Monday, June 29, 2009

Why I Would Nail Emily Dickinson

This is a piece I wrote for a contest on McSweeny's. Enjoy.
Emily Dickinson is my white whale. You might be wondering, “But Joe, she’s not that fat.” If that really is what you’re thinking, please stop reading this now, you’ll only give yourself a headache if you attempt to keep up with everything. I’ll even give you a few minutes to decide what episode of “America’s Got Talent” you’re going to watch on Hulu instead.
Is he gone?
Good. I hate that guy.
So as I was saying, Emily Dickinson is my white whale, the pinnacle of my sexual conquest.

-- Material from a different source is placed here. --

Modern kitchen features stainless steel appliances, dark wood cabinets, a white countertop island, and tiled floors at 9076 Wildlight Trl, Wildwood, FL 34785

I want to harpoon her[1]. A lot of guys and lesbians probably think Emily Dickinson is an odd choice for my “Top Lay”, what with Scarlett Johansson smuggling watermelons under her shirt and Megan Fox sporting legs that could light a fire inside the Pope.
I’m not here to argue that Emily Dickinson is the hottest woman of all time, but rather that she is the equivalent of a sexual Holy Grail. More men have been on the moon than have been inside her. And it’s not as if Emily Dickinson had her sexual life derailed by her career. She spent her days walking around her house, making brownies, and writing poems. Emily Dickinson made a conscious choice not to get laid. Don’t get me wrong, there are a lot of people who are purposely celibate in the world, but that doesn’t necessarily make them the top people to nail. Mother Theresa? Hit that and you’ve bought yourself a seat next to Hitler for the rest of eternity. Jesus Christ? That’s like eight sins for those of you who even thought about how you’d make love to him.
My point is that Emily Dickinson is the perfect combination of celebrity and non-religious celibacy. It is a conquest to get to first base with her, a crusade to get to second, and a full blown war of flattery and seduction to circle all the way around to the point of love making, without eternal damnation to curse those able to succeed in their immense efforts.
Now imagine you were the first one to get down and dirty with Emily Dickinson, having spent what I estimate will be 7 months, 24 days, and 3 hours seducing her through song, humor, promises of love, and gifts of new white dresses for her to replace her old white dresses with. Many of you might think that the benefits end after the pleasure of coitus, but you would be fools for doing so.
First off, there would be the gift of a catch phrase. Your friends, amazed that you had been with such a famous and reclusive woman, would surely be hesitant to believe you pulled off such a feat.
“You,” they would say, “you nailed Emily Dickinson?”
You would take your time to build the tension, looking squarely in the eye of your most doubtful friend before saying, “I got my Dickin, son.” You should feel free to use that on any future successful sexual endeavors.
Such a glorious gift would not be the lone perk of doing the deed with Emily. As stated above, Emily Dickinson was renowned not only for her poetry, but her baking skills as well. Undoubtedly, the first man to rock Emily’s world would be immortalized with poems and showered with cakes for the rest of his life. Both of these things open up a world of sexual opportunity to the recipient. Suppose you’re at a combined birthday party for Scarlett Johansson and Megan Fox. Having so many delicious baked goods lying around your house, you decide, “Hey, why don’t I just bring a cake with me as a gift?” So you bring an amazing cake, and both Scarlett and Megan approach you, impressed with the fine baked good you’ve given them.
“Joe (or Steve, whatever your name is), where did you get such an amazing cake?” Scarlett would say.
“Oh, you know, Emily just keeps sending me these things since I nailed her so well,” you would reply.
“You’re that Joe (or Steve)?!” they would both shout, “The one who Emily wrote ‘Wood so Good’ about?”
Of course you would blush, embarrassed at the revelation that, yes, a few poems were written about you and your sexual prowess. They would fawn over you the rest of the night, amazed that such a famous romantic was at their party before inviting you back to their place to jointly “thank you” for such a wonderful present.
No one woman in history has ever had as much potential return after a sexual encounter. Investing in Emily Dickinson is like investing in IBM circa 1950. There should be no doubt in anyone's mind that the effort required to be successful in pursuing her, combined with the benefits reaped from the aforementioned nailing, make Emily Dickinson far and away the Holy Grail of sex.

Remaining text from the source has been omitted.